On March 31, 2026, Anthropic released version 2.1.88 of its Claude Code CLI tool via npm. Due to a packaging mistake, the release included a 59.8 MB .map source map file that exposed nearly 1,900 TypeScript files—totaling approximately 500,000 lines of internal source code. The leak was quickly discovered by security researcher Chaofan Shou and mirrored across GitHub, where it became one of the fastest‑forked repositories in history.(blockchain-council.org)

Anthropic confirmed the incident was not a security breach but a human error during release packaging. The exposed code did not include model weights, customer data, or credentials. However, it revealed internal architecture, feature flags for unreleased capabilities, agent orchestration logic, telemetry systems, and even hidden features like “Buddy” (an AI pet), “KAIROS” (always‑on agent), “Dream mode,” and “Undercover mode.”(theguardian.com)

The leak has raised serious questions about Anthropic’s operational security, especially given its positioning as a safety‑first AI lab. Competitors now have a detailed blueprint of Claude Code’s internal design, and developers are poring over the code to understand its orchestration patterns and guardrail implementations.(theguardian.com)

Anthropic responded by issuing takedown notices, deprecating the affected npm package, and working with npm to remove it. The company emphasized that no sensitive user data was exposed and that measures are being implemented to prevent similar incidents in the future.(theguardian.com)

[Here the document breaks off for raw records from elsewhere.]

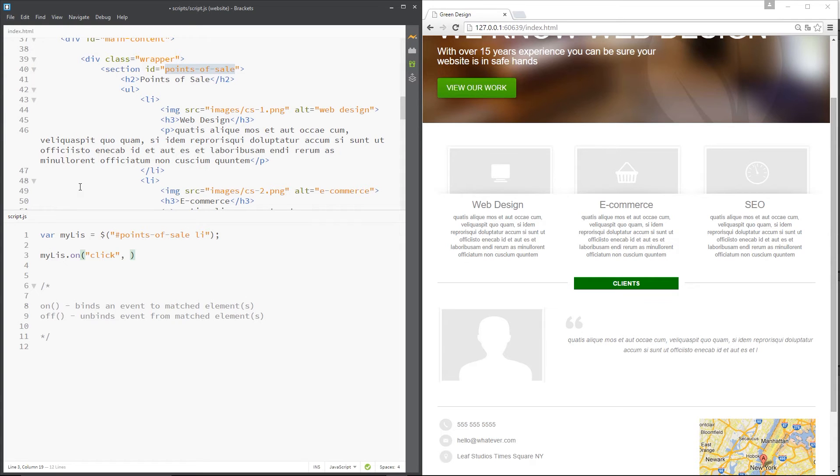We'll do a click event. Now I'll do a comma, and the second parameter we need to pass through is the callback function. This is the function that is going to fire when someone clicks one of these things, when this event happens.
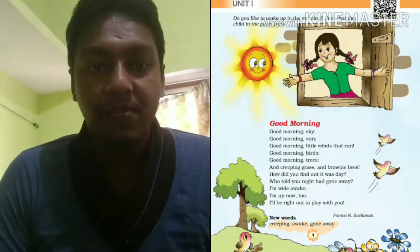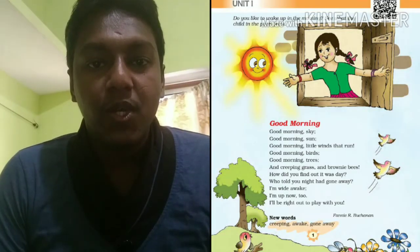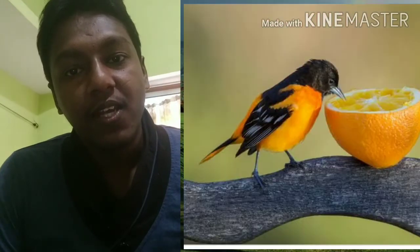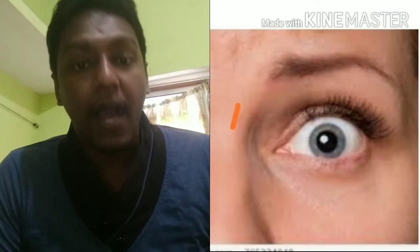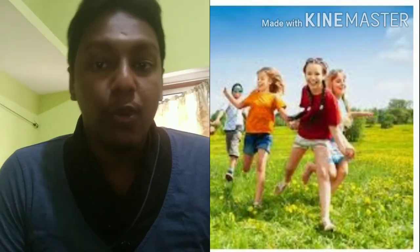So let us read the poem. Good morning sky, good morning Sun, good morning little winds that run, good morning birds, good morning trees and creeping grass and brownie bees. How did you find out it was day? Who told you night had gone away? I am wide awake, I am up now too, I will be right out to play with you.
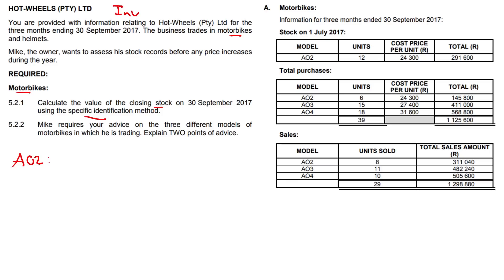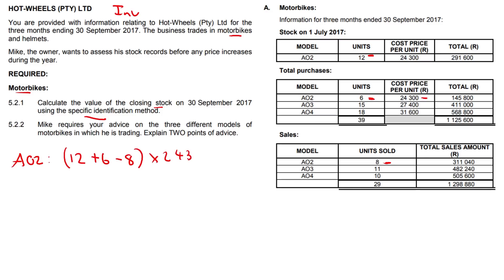For model A02, we have 12 units as opening stock, 6 purchased, minus 8 units sold, multiplied by the unit cost price of 24,300. So 12 plus 6 equals 18, minus 8 equals 10 units. Therefore 10 times 24,300 equals 243,000.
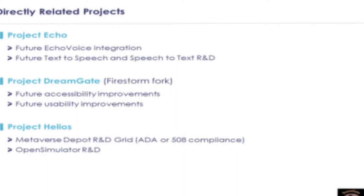Development efforts include compatibility with all third-party viewers. Project DreamGate is a Firestorm viewer fork for Open Simulator. The improvements are needed so that those with disabilities who prefer the Firestorm user interface do not experience the same digital marginalization. Project Helios encompasses Open Simulator R&D on the server side and in the grid architecture, and also provides support for all IMA projects on the Medivost Depot grid.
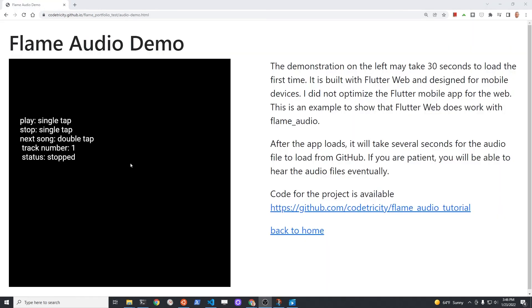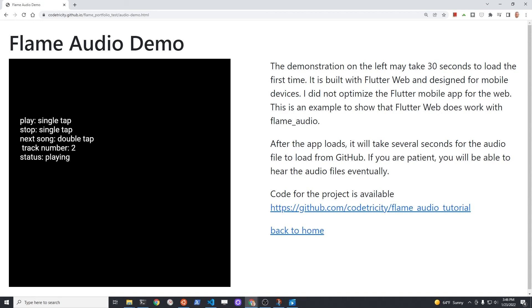I created another web page to have some text on the right of the Flutter web app. You can see that there's a significant delay when I load the second audio file.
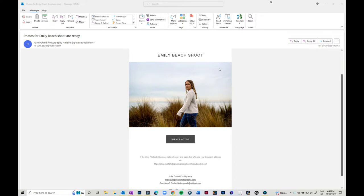Hi Julie here, just a quick video showing you how to view your photos, select your photos, and download them. Once you get your email, it'll probably look a little bit like this. All you have to do is click on the link and it will take you over to Pixieset.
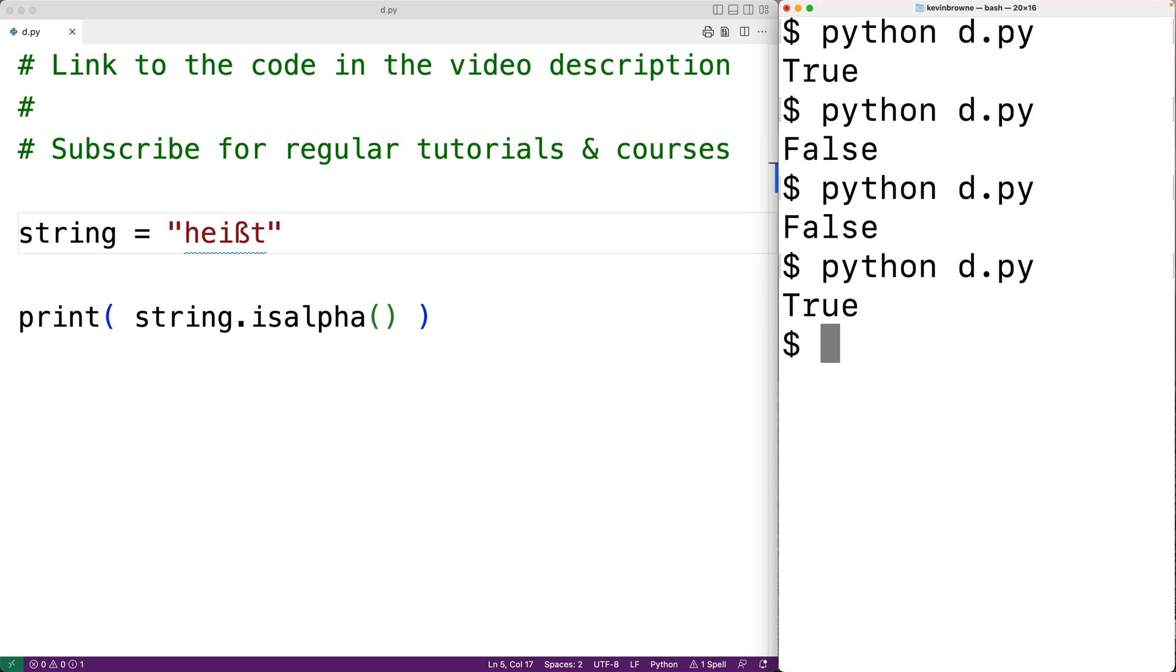So this is how we can use the isAlpha string method in Python to check if all of the characters in a string are alphabetical characters.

This marks the second leak in just over a year, following a prior incident in early 2025 where internal files—including references to upcoming models like “Mythos” and “Capybara”—were inadvertently exposed. The recurrence underscores persistent vulnerabilities in Anthropic’s release processes.(theguardian.com)

For the AI industry, the incident is a stark reminder that even companies with strong safety reputations can suffer from basic operational oversights. As AI tools become more autonomous and agentic, securing the delivery pipeline is as critical as securing the models themselves.